Dir: Keith Gordon. USA. 1999. 105 mins.
Prod Co: Egg Pictures. Int'l sales: Universal. US dist: USA Films. Prods: Keith Gordon, Stuart Kleinman, Linda Reisman. Exec prod: Jodie Foster. Scr: Robert Dillon from the novel by Scott Spencer. DoP: Tom Richmond. Prod des: Zoe Sakellaropoulo. Ed: Jeff Wishengrad. Mus: tomandandy. Main cast: Billy Crudup, Jennifer Connelly, Molly Parker, Janet McTeer, Hal Halbrook.
Director Keith Gordon has a reputation for making distinctive, critically admired features that often fail to find the audience they deserve. Despite some very touching elements, Waking The Dead seems likely to continue that trend. A pungent love story, its sophisticated, time-shuffling construction is distracting and its unresolved narrative elements work against its considerable emotional pull. The result may frustrate mainstream audiences rather than capture their hearts.
Travelling between the early 1970s and the early 1980s, the film recounts the attraction that overwhelms ambitious youngster Fielding Pierce (Crudup) and social activist Sarah (Connelly). Despite significant political differences, their love grows but is tragically curtailed by her death in a car-bombing incident. Eight years later, Pierce is dutifully fulfilling his destiny as an aspiring Congressman yet remains haunted by his past love. As the campaign progresses, he hears Sarah's voice, senses her presence and begins to doubt that she is truly dead.

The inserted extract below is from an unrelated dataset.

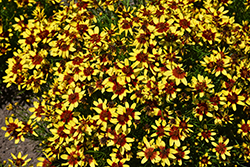 Firefly Tickseed (Coreopsis 'Firefly') at Stonegate Gardens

Whilst unusual in its desire to focus on the clash between idealism and compromise in American politics, Waking The Dead is at its strongest depicting a love that transcends all barriers of time and temperament. Even if Sarah is merely a ghost from the past, it is clear that she represents the best of what Fielding felt his life might be. Between them, Crudup and Connelly conjure a palpable chemistry that reinforces the tender ache of loss that runs through this heartfelt effort.